Of course that was fun. There’s a section of the film which is alien threats that happened in many movies where a booming voice was broadcast to the earth saying, “You puny, meaningless creatures, we’re going to come and crush you.” There’s always that fear that there’s a superior civilization out there that would think we’re just bugs to be crushed. And I enjoyed a section on ray guns, where we just saw all these different beams and rays that would paralyze or disintegrate [what’s in front of them] and we envisioned these weapons different ways. There’s also a section of the film which is merely space voyages, [illustrating] the isolation of being far from earth, drifting toward a planet or drifting through the stars. It’s an eerie, dreamlike state, and I suppose in the audience’s mind, you’re always thinking there’s a fear that we’re far from home, but there’s an anticipation of discovery, which is out there somehow and that’s an appeal which is universal.

The sound is what really ties this together, and I know that’s where this started, but after putting the images together, what was it like to come back to?

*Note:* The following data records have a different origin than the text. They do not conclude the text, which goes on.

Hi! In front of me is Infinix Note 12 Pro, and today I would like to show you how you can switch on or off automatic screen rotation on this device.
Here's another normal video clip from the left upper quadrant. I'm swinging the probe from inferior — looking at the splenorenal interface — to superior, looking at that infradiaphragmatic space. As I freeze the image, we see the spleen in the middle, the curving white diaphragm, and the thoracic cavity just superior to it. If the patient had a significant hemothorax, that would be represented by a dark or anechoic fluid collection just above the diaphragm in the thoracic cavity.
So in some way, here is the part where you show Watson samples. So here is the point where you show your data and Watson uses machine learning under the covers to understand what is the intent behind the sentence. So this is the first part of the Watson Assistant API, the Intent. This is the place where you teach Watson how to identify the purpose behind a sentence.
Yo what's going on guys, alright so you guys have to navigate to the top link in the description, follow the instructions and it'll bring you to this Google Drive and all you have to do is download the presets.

Having a foundation in sound, I naturally always see it as a binding element. It’s like glue. That’s the very nature of sound creativity is connecting imagery and enhancing, giving the audience part of the story that the images may not give you. You’re completing the illusion. So as I developed “Behold,” I worked with at individual small scenes at first, not knowing in what order they were going to go and I would often lay down a sound that I had made on a synthesizer as a form of ambient music or I might start with a piece of classical music, which I felt had the right elegance and a timelessness and [would add] coloration emotionally, or sound effects, and I would build imagery often on top. Once you’ve got a synergy between some sounds and music and picture, you go back and forth and keep experimenting, going back to the beginning of a scene and close your eyes, wait a moment, press play, and then just try to feel where you’re going with it. That was done with each individual section of the movie, and then you start putting them together and rearranging things to have a flow and going from quiet to loud and from fast to something slow because you always want to have transitions in pace and thickness of sound and image to make it interesting all the time. It wasn’t a movie trailer [where] nowadays [there’s a] beating of a fist on a table, really with images impacting you in a small space of time. This was not that kind of montage. It’s actually a little more difficult to do something like “Behold” because you’re not relying on sudden impact all the time. It’s more like a symphony.

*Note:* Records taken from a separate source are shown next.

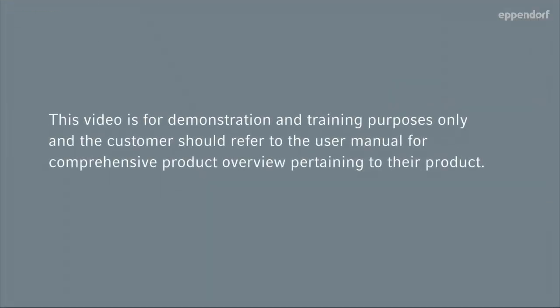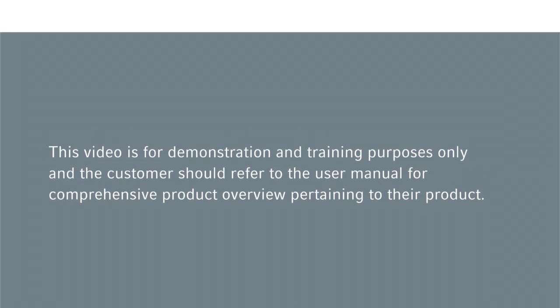This concludes our demonstration on how to connect your computer to a New Brunswick Bioprocess system and how to use BioCommand software.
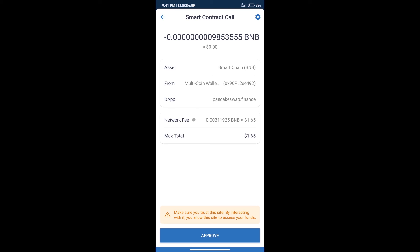After that, we will click on Approve, and finally we will get this token successfully. So guys, I have only shared the technical process, not financial advice. Invest in cryptocurrency at your own risk, and please check everything before you invest. Thanks for watching.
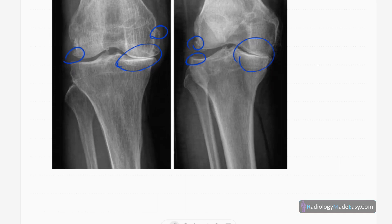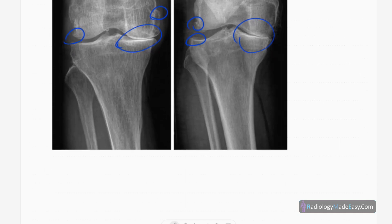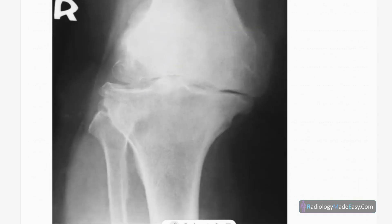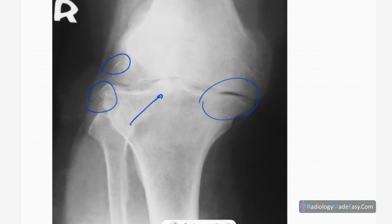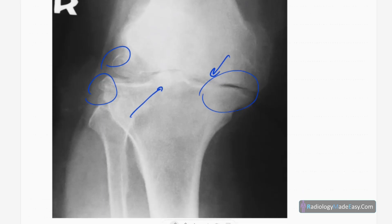This is a stage four disease. You can see deformity in the joint, marked joint space narrowing with almost absent menisci, degeneration of cartilage, large osteophyte formation, and subchondral sclerosis — a classic stage four presentation.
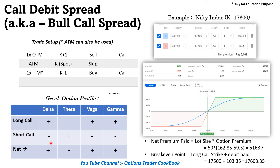Overall, for the bull call spread, we are bullish so delta is positive. Theta is negative because it's a net premium debit strategy — our premium would decay and time works against us. If we don't reach the breakeven, we will not make money. Vega is positive, so a slight volatility increase would help here. Gamma is positive because delta is positive in this case.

It was really transporting. And it seems like with the recent TCM Fest experience and this, you’re finding new projects where you can still experiment. Is it fun getting to do a variety of things like this now with all the experience you’ve had?

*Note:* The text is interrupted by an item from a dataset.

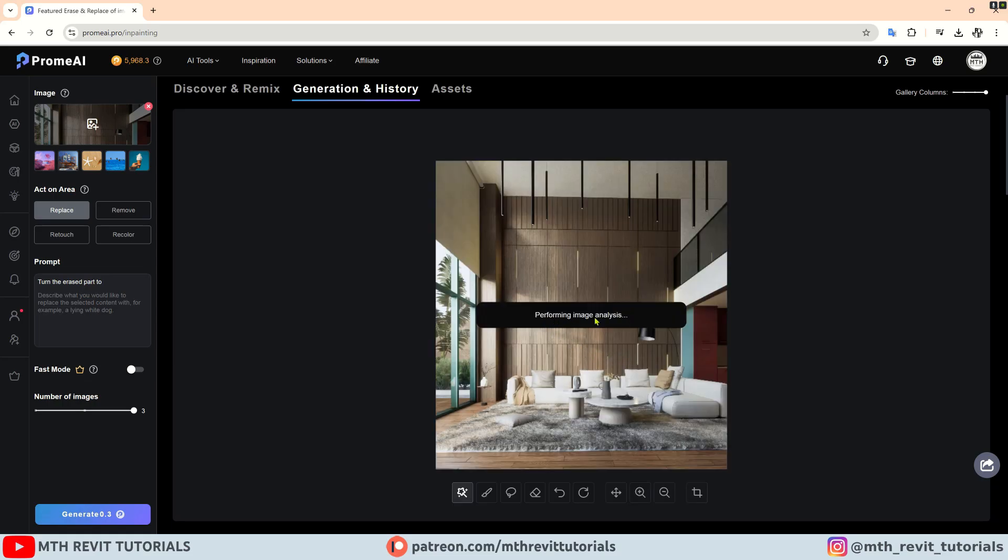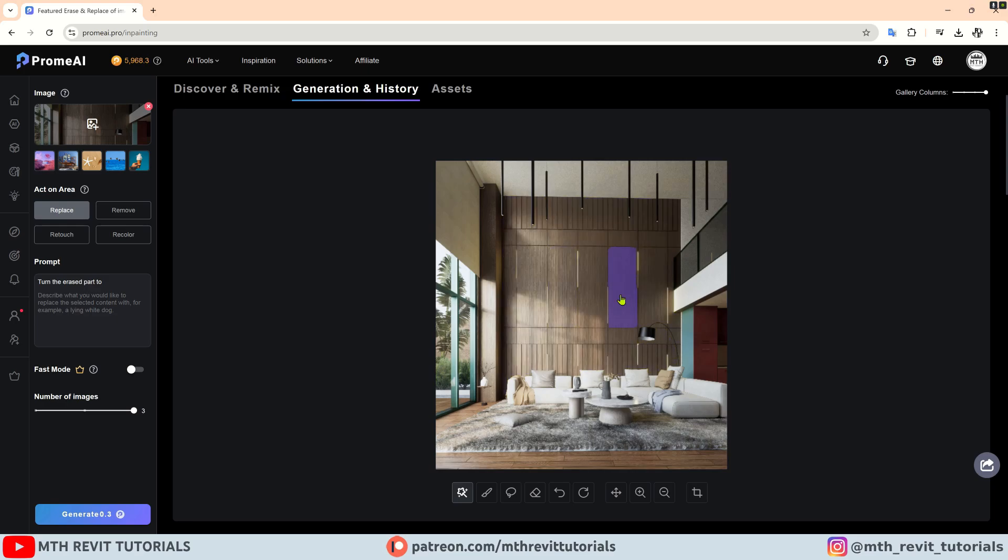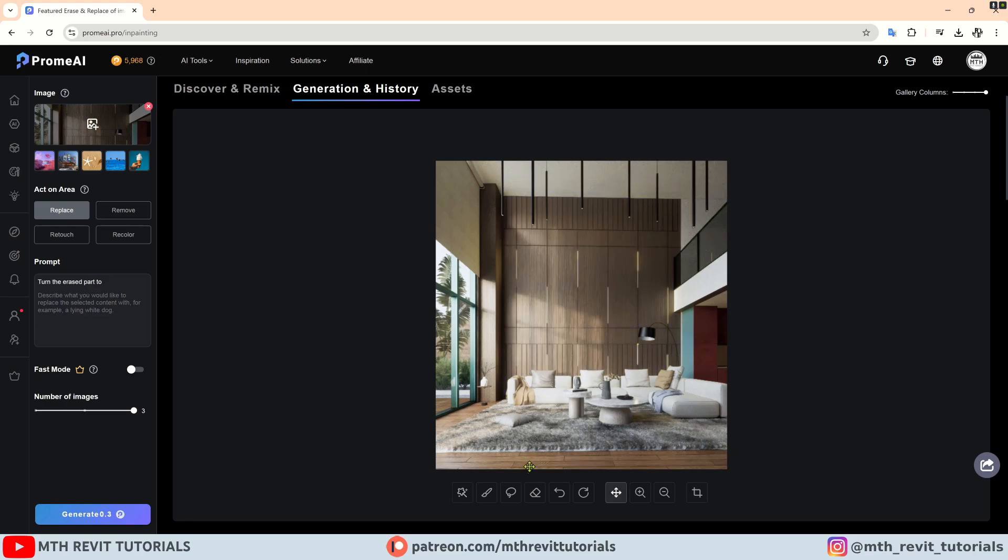Once you upload an image, it will take a little time to read the objects in your renderings and separate them so that you can easily select them. If you want to select only a small part of an object, you can use the brush tool and paint it on your renderings.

Well, I’ve done this all my life. I’m known for my sound work primarily, but I was always making films for my own enjoyment, which is how I started out as a teenager. I’m always making montages to music. I’m always fooling around with imagery. Most of these things just get shown at home, and I love doing it. Whether one can make a living doing it constantly, I’m not sure, but I am focusing on that now in this part of my career. I think I’ve said what I wanted to say in feature film work. and I’m returning to my desire to be a filmmaker and a director. I did numerous IMAX films over the years — one was nominated for an Academy Award called “Anything Can Happen,” and “Behold” was a great opportunity because it was something I could do alone as a creator. Obviously, there was help from the museum to clear all the permissions for clips and a lot of people work behind the scenes to make it possible to have these images and [conduct] the technological development to put that theater in and make the projection [work] – “Behold” has six projectors, and the sound system, which many people worked on, including Jim Austin here at Skywalker Sound, so I didn’t do it alone. But the filmmaking part of it, that is putting the images and sound together, was a solo experience.